What you return must be the full data, repeated verbatim, with no pictures in it.

Top of Entries supplied

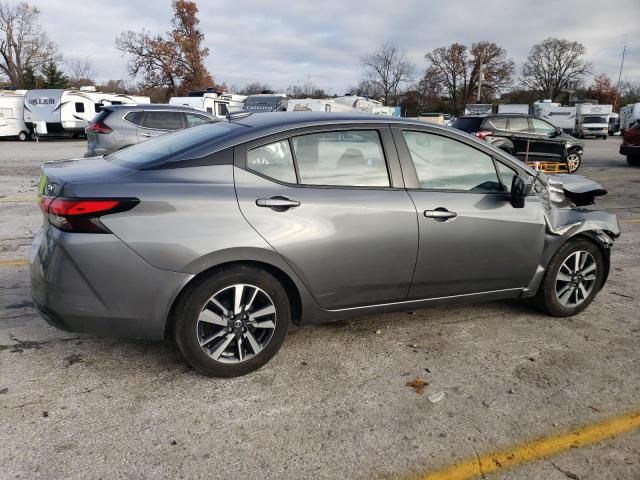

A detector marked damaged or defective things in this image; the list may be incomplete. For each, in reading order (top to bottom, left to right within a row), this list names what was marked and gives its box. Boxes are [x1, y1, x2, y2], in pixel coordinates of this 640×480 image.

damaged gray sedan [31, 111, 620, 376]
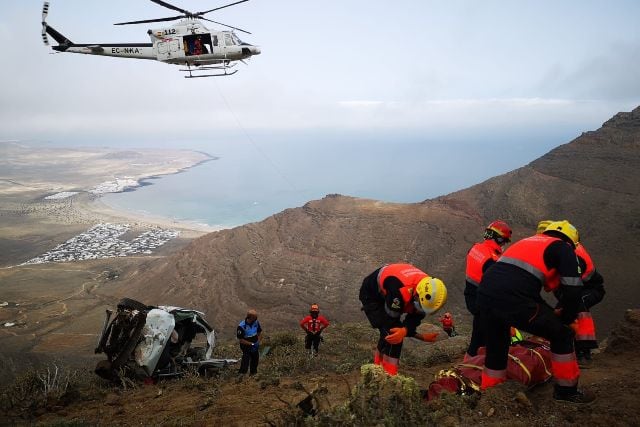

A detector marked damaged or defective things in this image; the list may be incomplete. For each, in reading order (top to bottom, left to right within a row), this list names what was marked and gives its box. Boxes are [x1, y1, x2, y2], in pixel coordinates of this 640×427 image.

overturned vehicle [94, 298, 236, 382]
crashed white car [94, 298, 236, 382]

Bottom of Entries supplied

» **Result of this exercise**:
A detector marked damaged or defective things in this image; the list may be incomplete. For each, in reading order (top to bottom, left to right within a row), this list names what was marked and gives its box. Boxes are [x1, y1, x2, y2], in pixel coordinates of this 640×480 image.

damaged gray sedan [31, 111, 620, 376]

A detector marked damaged or defective things in this image; the list may be incomplete. For each, in reading order (top to bottom, left to right within a row), this list names what was marked and gives its box. Boxes are [x1, y1, x2, y2], in pixel coordinates of this 640×427 image.

overturned vehicle [94, 298, 236, 382]
crashed white car [94, 298, 236, 382]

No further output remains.